幼いころのジョイの義姉「あなたにはハンサムな王子様が必要よ」

幼いころのジョイ「いいえ、私は王子様はいらない 欲しいのはスペシャルパワー 私には王子様は必要ない」

 このシーンから王子様が出てくる「おとぎ話」が意識されていることが伺える。実際、『JOY』は1980年ごろ活躍した実在の人物を描く伝記作品ながら、ところどころ『シンデレラ』的おとぎ話を感じさせる作品なのだ。

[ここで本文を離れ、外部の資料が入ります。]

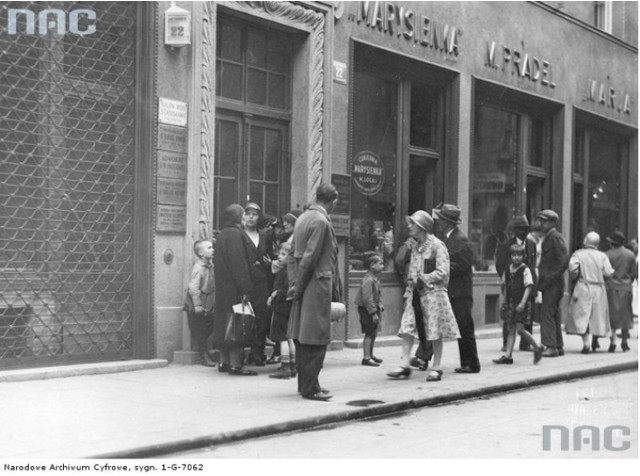 Ludzie stojący przed wejściem do cukierni "Marysieńka". Widoczne na budynku szyldy reklamowe (brak daty).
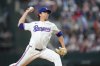 Texas Rangers pitcher Jacob deGrom throws a pitch to the Baltimore Orioles during the first inning of a baseball game Tuesday, July 1, 2025, in Arlington, Texas. (AP Photo/Julio Cortez)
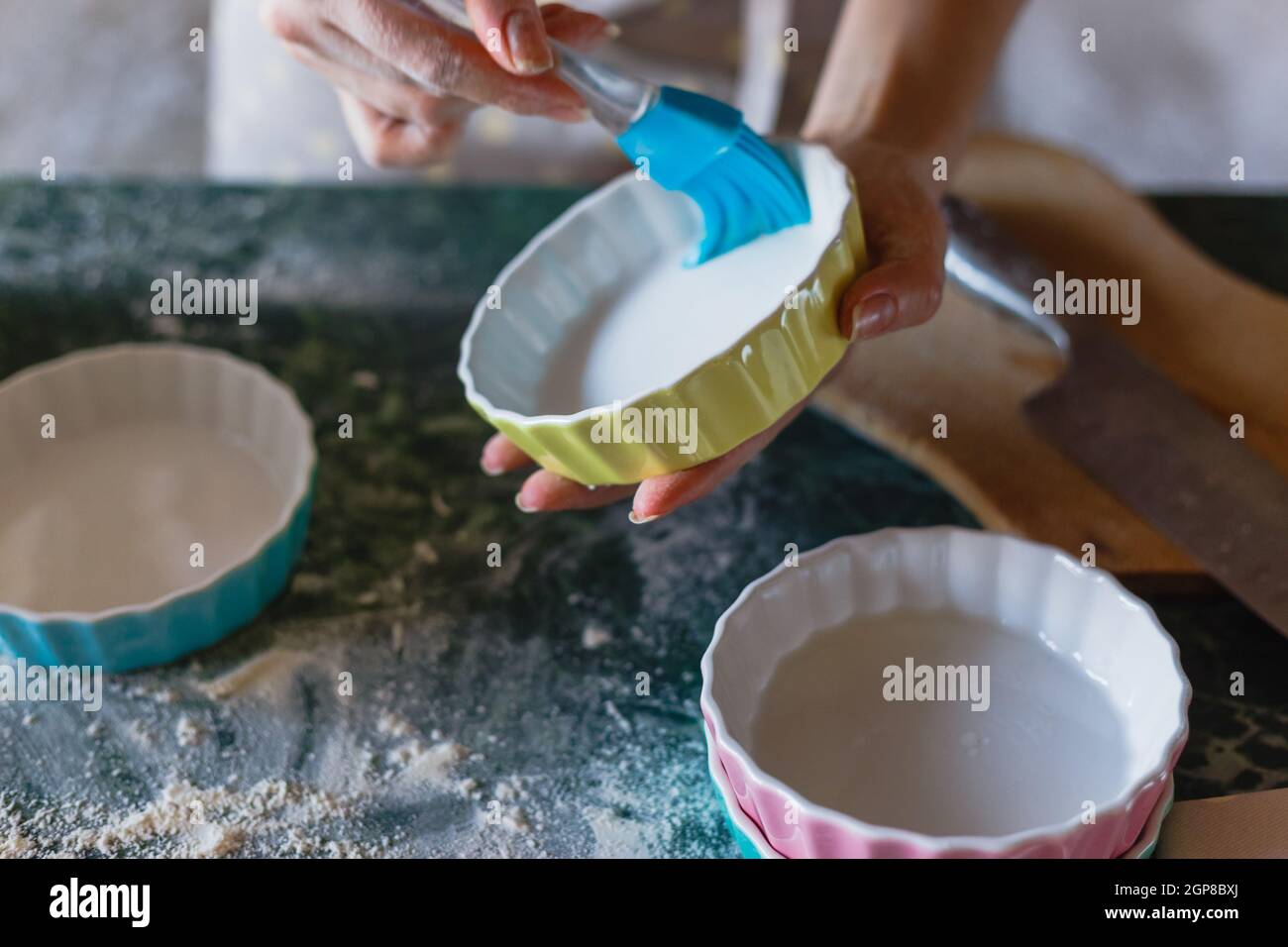Woman greasing baking mould before adding batter. Stock Photo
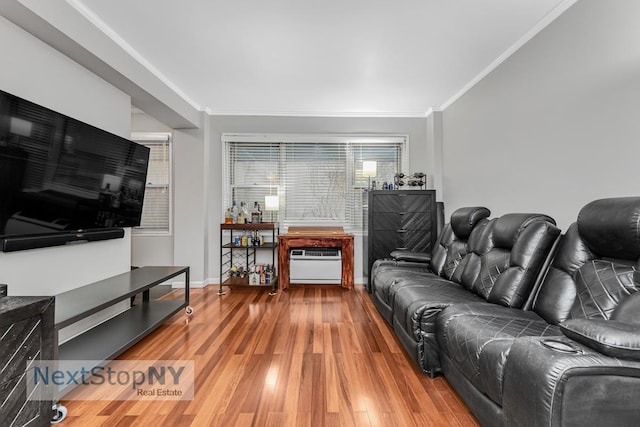 310 E 49th St Unit 2J, New York City, NY 10017 - living room with wood finished floors, crown molding, baseboards, and a wall mounted AC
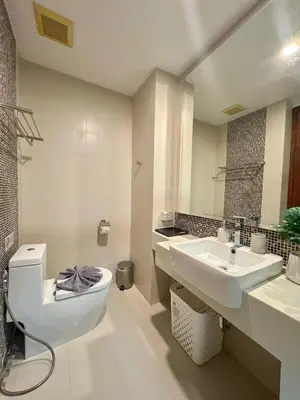 a bathroom with a toilet and a sink at 1 Bedroom Rawai Walk to beach in Rawai Beach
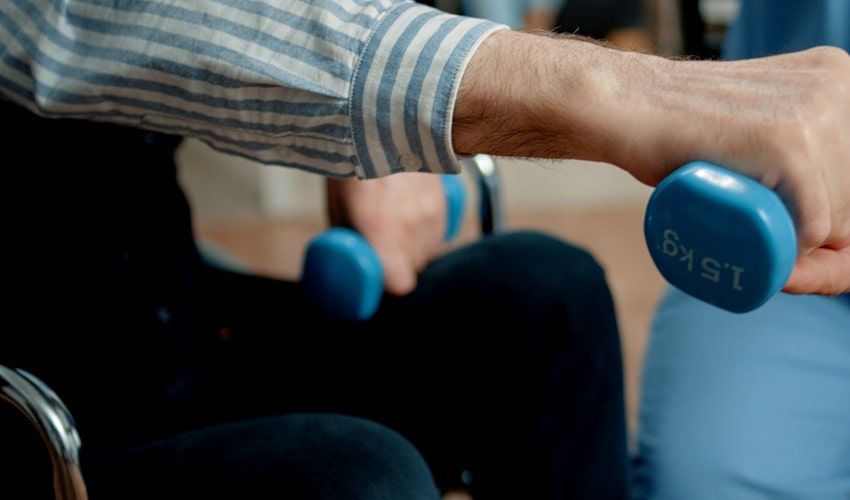 A man in a wheelchair is holding a blue dumbbell.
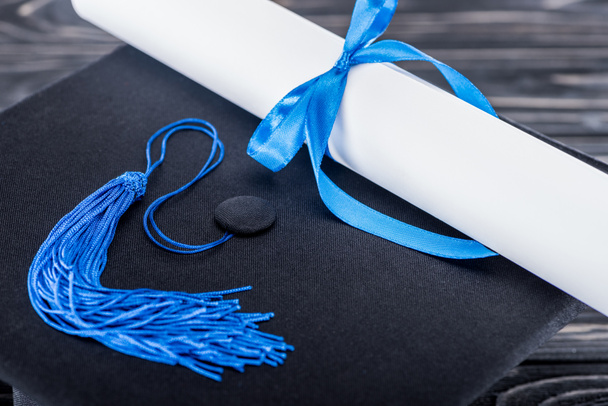 Concepto de escuela secundaria con diploma y gorra de graduación en mesa de madera
 - Foto, Imagen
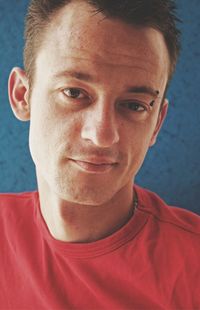 Close-up portrait of smiling young man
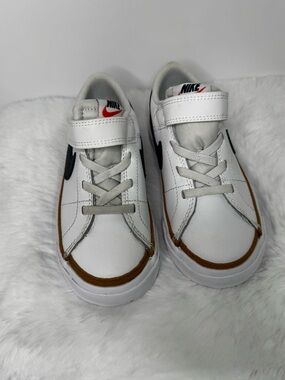 Nike Kids White Sneakers with Brown Trim and Black Swoosh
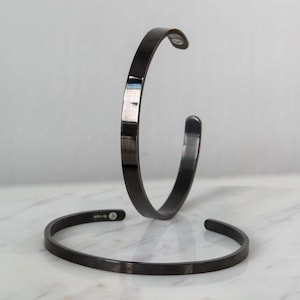 Op de afbeelding: Twee strakke, zwarte metalen armbanden met een gepolijste, reflecterende afwerking. De ene armband staat verticaal opgesteld, terwijl de andere horizontaal ligt. Beide hebben een eenvoudig, open ontwerp met een gladde, uniforme bandstructuur.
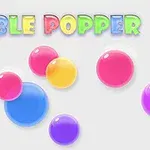 Farebné bubliny rôznych veľkostí na bielom pozadí s názvom Bubble Popper v pestrofarebnom písme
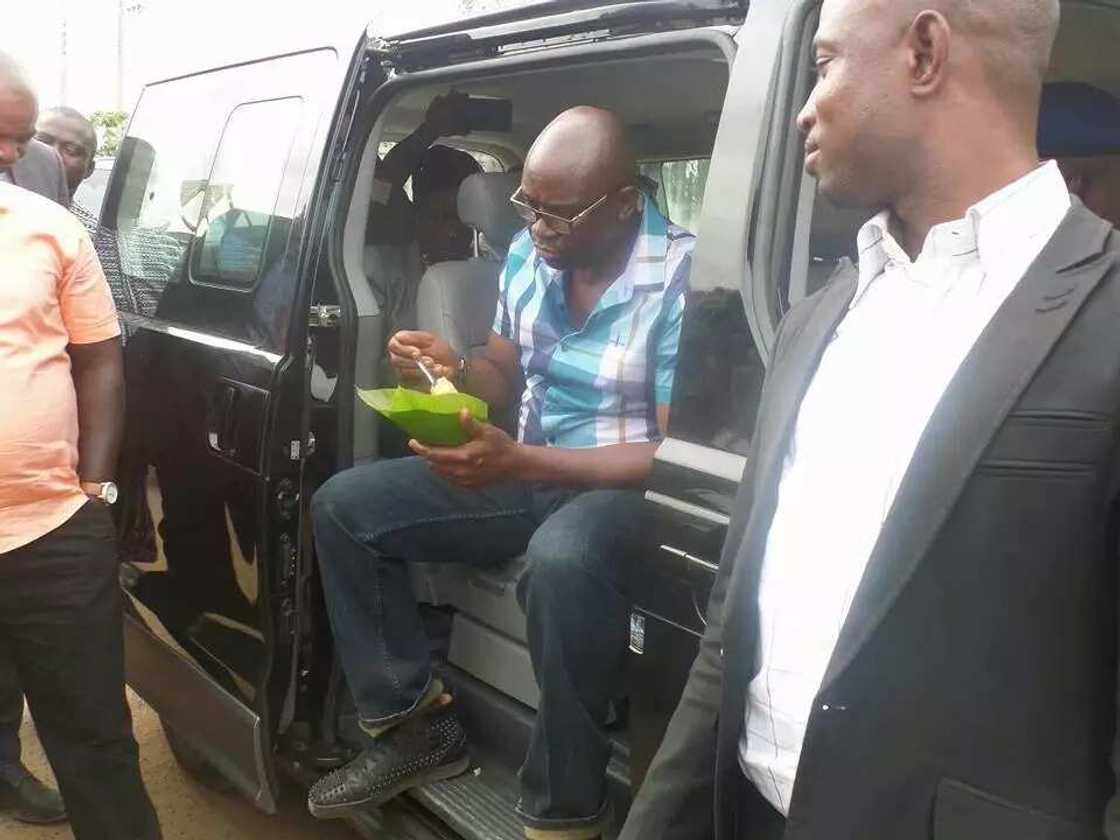 Fayose seen eating rice at road-side canteen Fayose seen eating rice at road-side canteen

 主人公ジョイ・マンガーノは20代女性、事務職、離婚歴あり子持ち、母&祖母と同居。高校では主席成績を納めNY州の大学への入学も決定していたが、両親が離婚し、精神的外傷を負った母親の世話および父の会社の経理の為に進学を諦める。母親は引きこもりきり状態になり、全ての生活をジョイ任せにする状態となった。家事をジョイ1人が取り仕切る機能不全家庭が形成されている。父親と腹違いの姉は別の住居に住んでいたが、離婚から17年経ったのち、恋人と別れた父親は突然ジョイの家に襲来して無理やり住み込む。父の会社を手伝う腹違いの姉は妹を忌み嫌い、家に来てはジョイの娘にジョイの悪口を吹き込む。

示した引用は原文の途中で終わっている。